Nella lettera di dimissioni, Fioritti spiega appunto di “non poter proseguire l’attività con la dovuta serenità in assenza a tutt’oggi delle motivazioni del provvedimento”. Pesa l’atteggiamento dell’Ordine dei medici, che “senza contestare in giudizio gli atti amministrativi della Regione - scrive Fioritti - persegue personalmente in via disciplinare chi a tali atti dà corretta e doverosa esecuzione”. “Esprimo il mio rammarico per la decisione di Fioritti – spiega Chiara Gibertoni, direttore generale dell’azienda Ausl –, al quale confermo tutta la mia stima e fiducia, oltre che l’apprezzamento per il suo operato. Ma comprendo bene le difficoltà a svolgere pienamente le funzioni legate al suo mandato nel contesto che si è determinato, e non posso che prendere atto delle sue scelte e rispettarle”.

“Il dispiacere per l’epilogo di questa vicenda – ha proseguito Gibertoni – si accompagna alla consapevolezza che il comportamento reiterato dell’Ordine di Bologna, con sanzioni così pesanti sui singoli professionisti, oggi con il Direttore Sanitario, in precedenza con sette medici del Dipartimento di Emergenza Urgenza, causa gravi danni alla Azienda. Per questa ragione - ha concluso Gibertoni - stiamo valutando la possibilità di intraprendere azioni legali nei confronti dell’Ordine di Bologna. Saremo costretti, inoltre, a scegliere il nuovo Direttore sanitario tra medici non iscritti a questo Ordine, l’unico a preferire ancora la sanzione disciplinare individuale dei professionisti alla contestazione della legittimità delle direttive regionali, per evitare di trovarci in futuro in condizioni analoghe a quelle attuali”.

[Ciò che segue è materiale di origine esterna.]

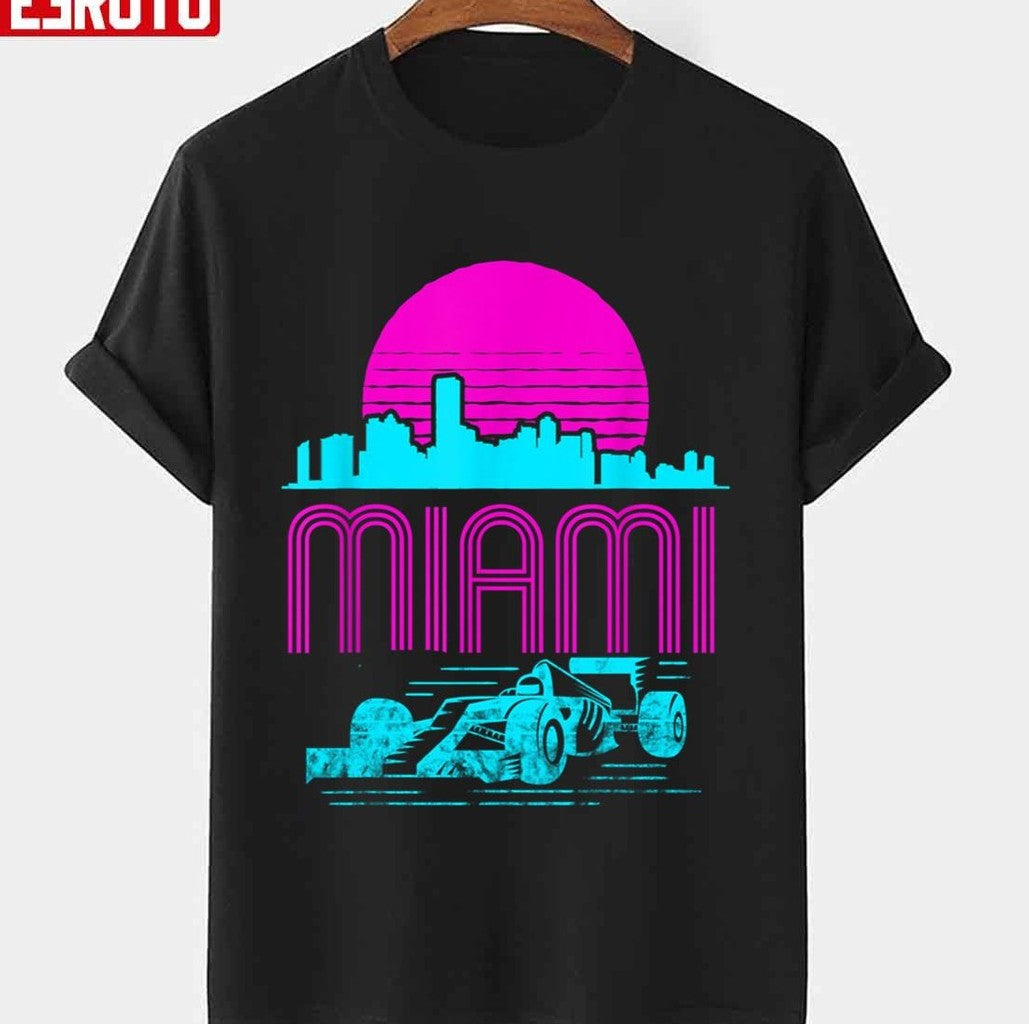 Racing Car Formula One Miami Grand Prix F1 Vintage Art Unisex T-Shirt - T-Shirt, Sweatshirt, Hoodie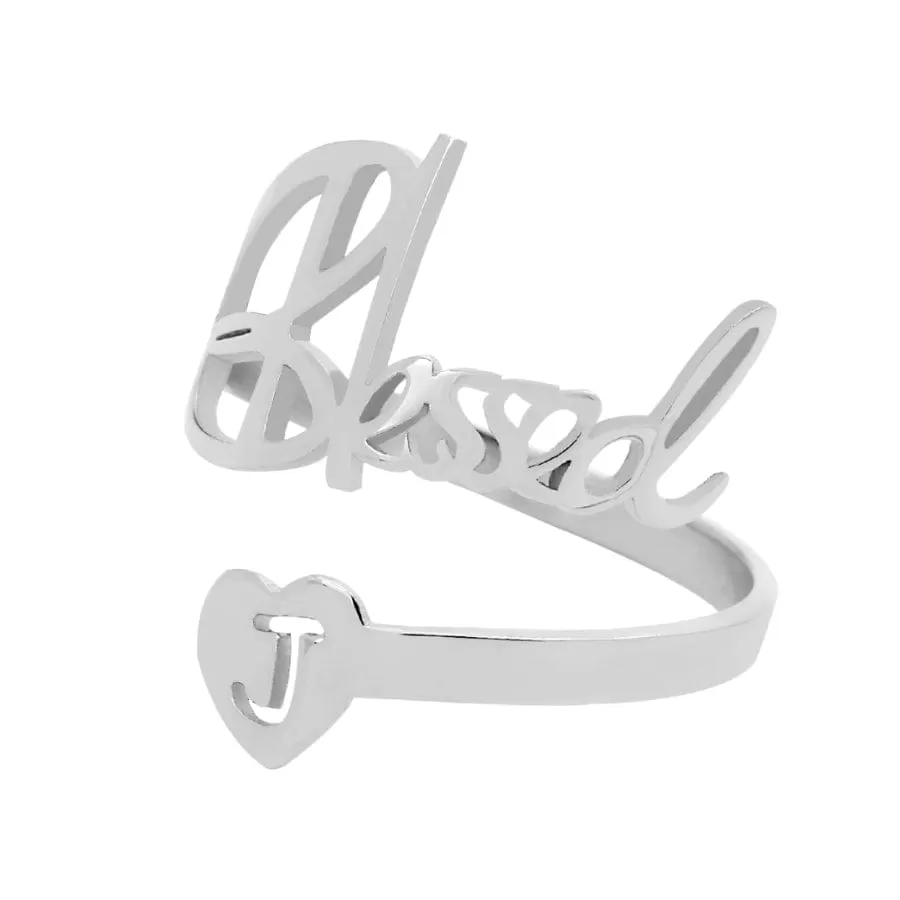 Blessed With Initial Adjustable Ring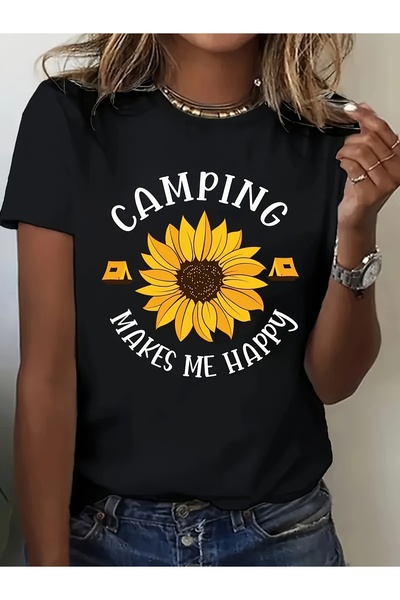 2mcup تي شيرت برسومات عبارة "CAMPING MAKES ME HAPPY" على شكل زهرة عباد الشمس....
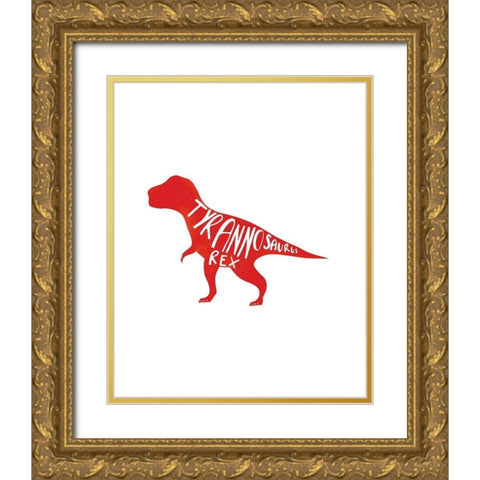 Tyran Rex Gold Ornate Wood Framed Art Print with Double Matting by Straatsma, Leah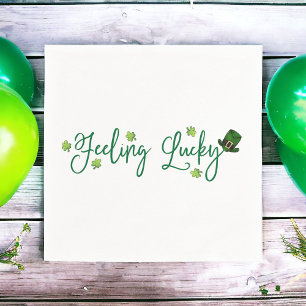 Gefühl Lucky St. Patrick's Day Kleeblatt Hat Serviette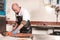 Fishmonger slicing smoked salmon, UK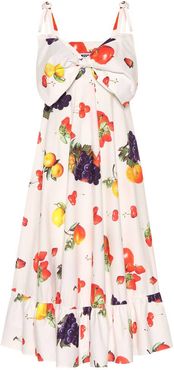 Printed cotton midi dress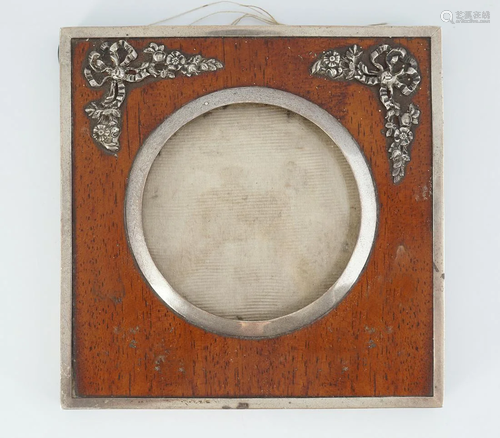 SILVER MOUNTED MAHOGANY PHOTO FRAME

Anche la Regione si arrabbia e accoglie con "grande dispiacere" le dimissioni di Fioritti e ribadisce la "massima stima nei confronti di un ottimo e qualificato professionista, che ha svolto il proprio lavoro in modo egregio". Viale Aldo Moro ora invoca un intervento sia del ministro della Salute Beatrice Lorenzin, sia dell'Ordine nazionale dei medici. La vicenda, infatti, "non è una questione personale, non riguarda un singolo professionista, bensì tutti i medici e il governo della sanità pubblica, cioè la tutela della collettività e la sua efficacia", sottolinea in una nota l'amministrazione guidata da Bonaccini.

Secondo Viale Aldo Moro, inoltre, Fioritti è stato "sanzionato in modo incomprensibile per non aver segnalato all'Ordine dei Medici di Bologna i provvedimenti di alcuni medici dell'azienda Usl che erano già stati sospesi dall'Ordine stesso. Ma Fioritti - sottolinea la Regione - ha semplicemente dato attuazione alle linee guida regionali per l'impiego di personale infermieristico nello svolgimento del servizio di emergenza territoriale 118".

Linee guida "applicate in tutte le aziende sanitarie, elaborate dalla Regione con il supporto di esperti, dell'Emilia-Romagna ma non solo, e mai impugnate dall'Ordine dei medici di Bologna. Appunto: perché -  chiede la Regione - l'Ordine dei medici di Bologna non ha fatto ricorso contro l'atto regionale? Invece di colpire i singoli medici?".